West set a high standard for himself as a rookie, when he played in all 12 games and recorded ten tackles, including one for loss, two pass breakups, a forced fumble and a quarterback chasedown (near-sack) en route to first-team Freshman All-Big 12 honors from Rivals.com. He was also named the Buffalos' Lee Williard Award winner, which is annually present to the most outstanding freshman, and he finished 2010 with 19 tackles, including 5.5 sacks and three more stops behind the line of scrimmage.
The excellent start to his collegiate career made sitting out last year even tougher for a guy who had never stood on the sidelines at that level.
"It sucked," he admitted. "The year went by pretty slow. I didn't have much to look forward to on the weekends. It was horrible. I wasn't allowed to travel because of NCAA rules. I wasn't able to go to the bowl games, so I had not felt that game day experience in a while.
"I'm glad [the first game] is under my belt.

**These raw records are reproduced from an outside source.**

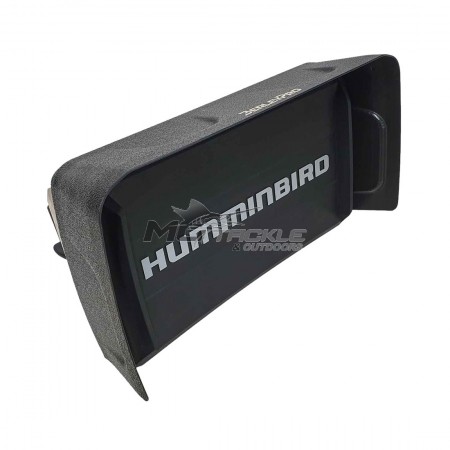 BerleyPro Humminbird Helix G2N Visor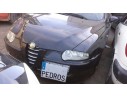 ALFA ROMEO 147 (190)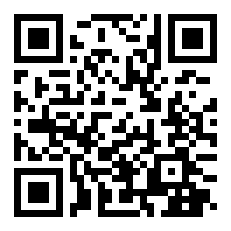最新微信名字简单大方 简单好听的微信名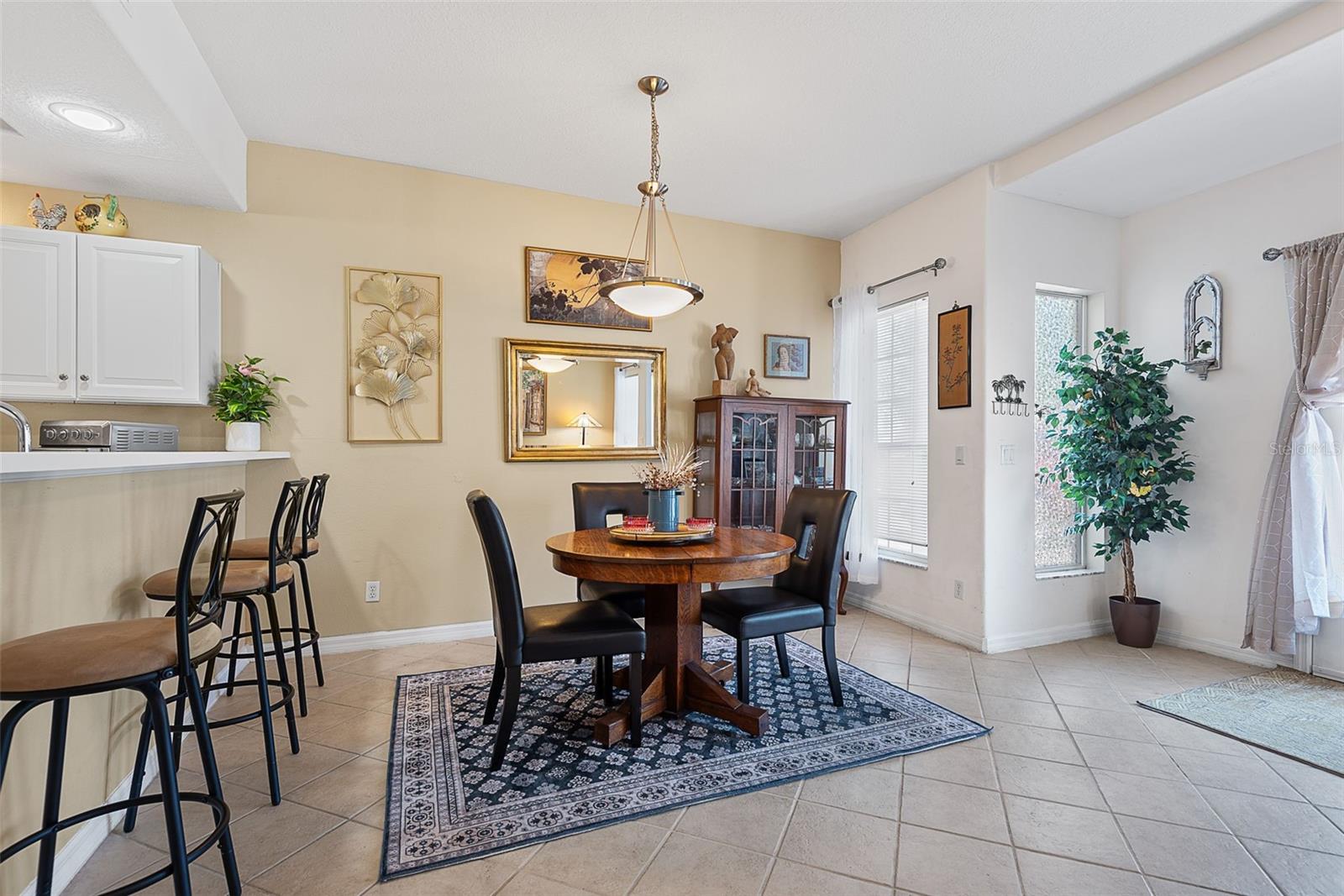 100 PALM HARBOR PKWY #10, PALM COAST, FL, 32137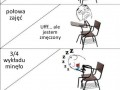 Studia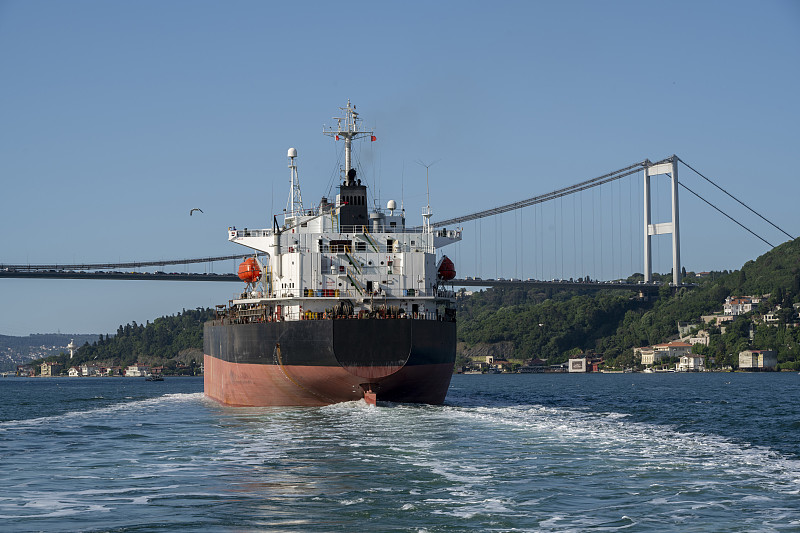 物品鉛合金經(jīng)北京市選取海運配送抵到喀麥隆——杜阿拉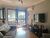 Apartamento, 4 quartos, 144 m² - Foto 10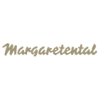 Margaretental Gastro GmbH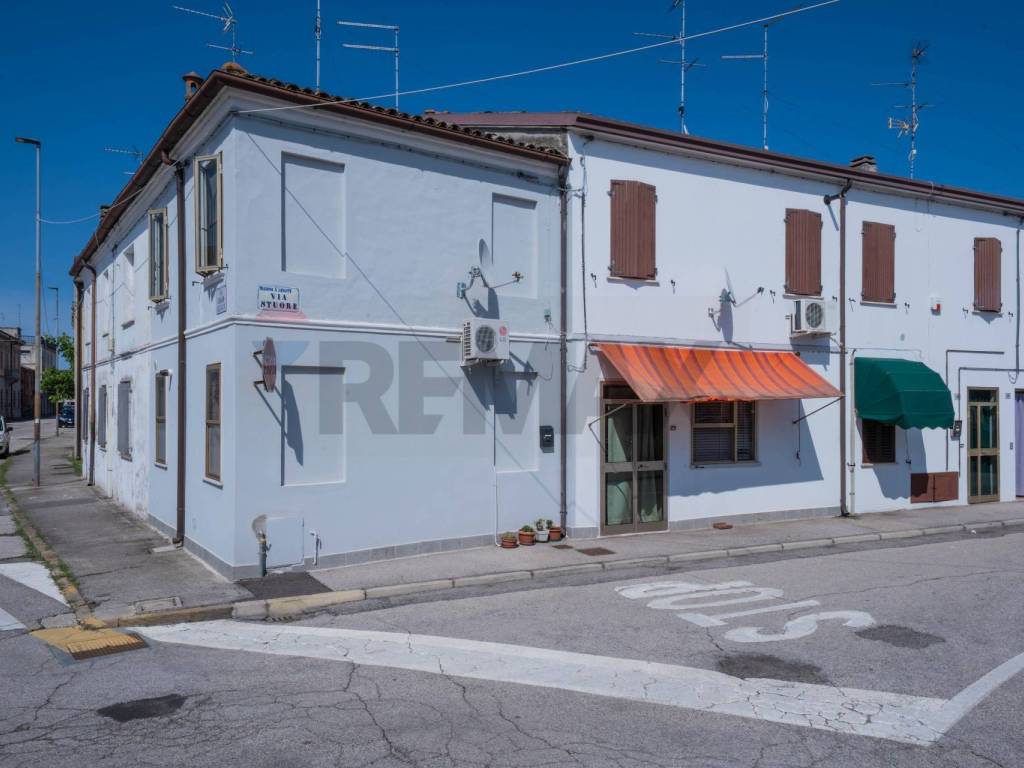 immagine annuncio 0 di 1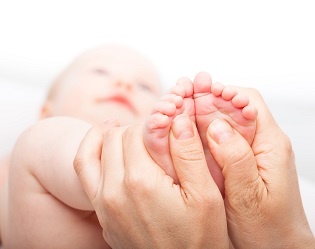 Infant-Massage-School-Seattle.jpg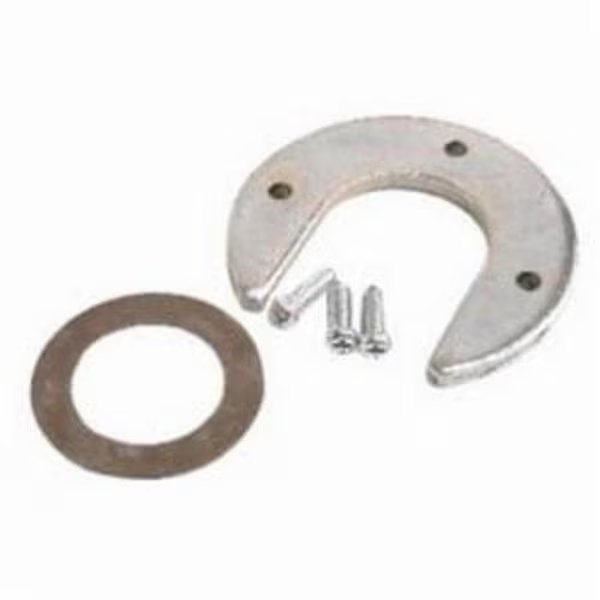Collar Assembly, For Use With 300 and 350 Machinist Bench Vise, Wilton, Mfr#: 2904000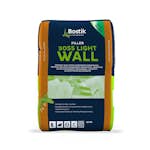 Spackel Bostik Bostik 3055 Light Wall 20 kg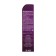 Hair dye Palette, 8-16 ash-cornflower, 110 ml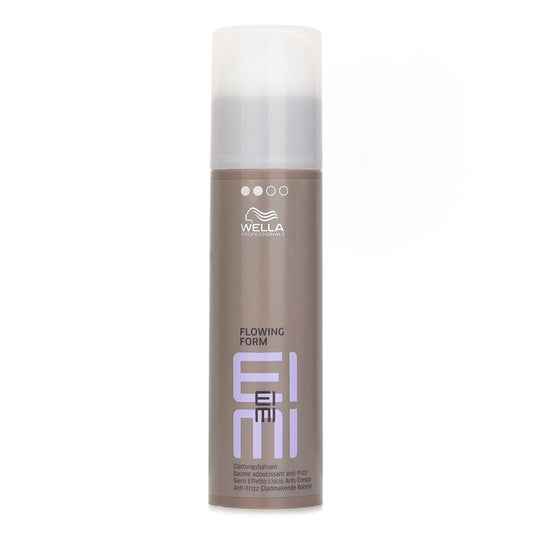 Wella EIMI Flowing Form Anti Frizz Smoothing Balm 100ml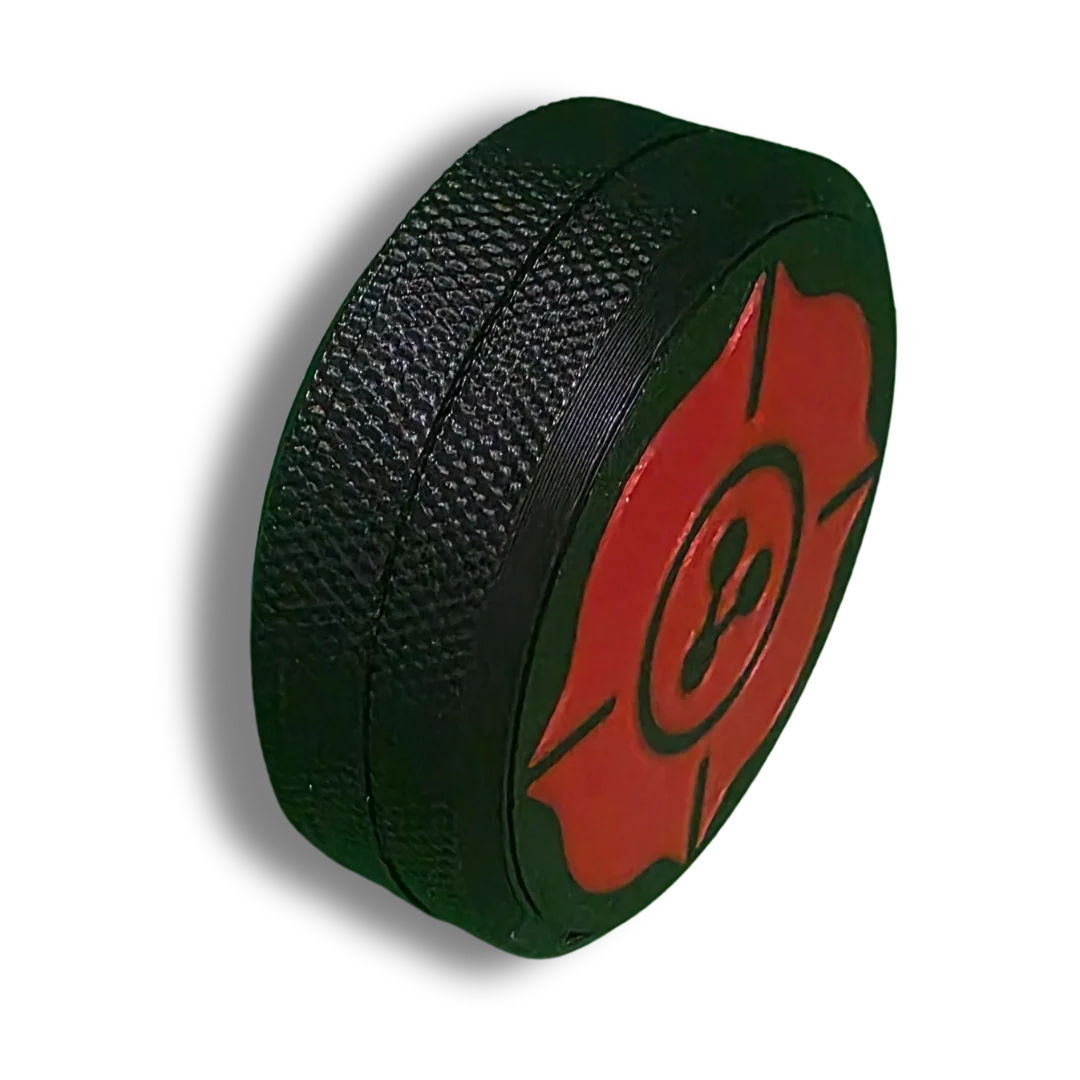 SocialFD Pouch Tin product image (1)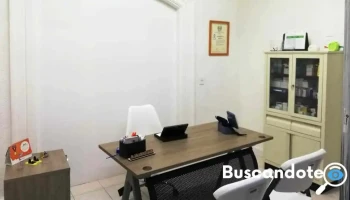 Consulta General - Benito Juárez, Ciudad De México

I was kind of like a deer in the headlights on the first play out there, but now it's all good."
Although it was tough, the redshirt year helped West in the transition from Colorado's defense, which was mostly a 3-4 alignment, to the Pack's 4-3 base package, while he has also grown as a player.
"It's a lot different, but I've picked it up," he said. "The scheme is pretty much the complete opposite [at NC State], so it was a lot to learn, but I got over that learning curve.
"I'm a much more physical player now. It's different here - the standards are a little bit higher than my old school and the tempo is a lot faster, so you have to adapt to that and pick it up, or you'll get left behind not playing."
Saturday's contest against Connecticut is an especially exciting opportunity for the big man, who hails from Canton, Conn. He hasn't played in his home state since high school, and he's expecting to see a lot of familiar faces in the stands.
"There's a whole bunch of family - probably about 50 of my family and friends - coming out," he said. "It's going to be different because I've never played there and I've never actually gone to a game at Rentschler Stadium, so I'm excited. I grew up about a five minute drive from the stadium, so it's really close [to home], but I never went to a game."
It's always interesting to hear about players trading their tickets with teammates, trying to accumulate as many as possible when the Pack travels close to somebody's home state. West is no different, but he's confident he'll be able to score a few extras for Saturday.
"Since it's far up north, there aren't too many people that are going to be having family travel from all the way down here," he said. "It should be no problem."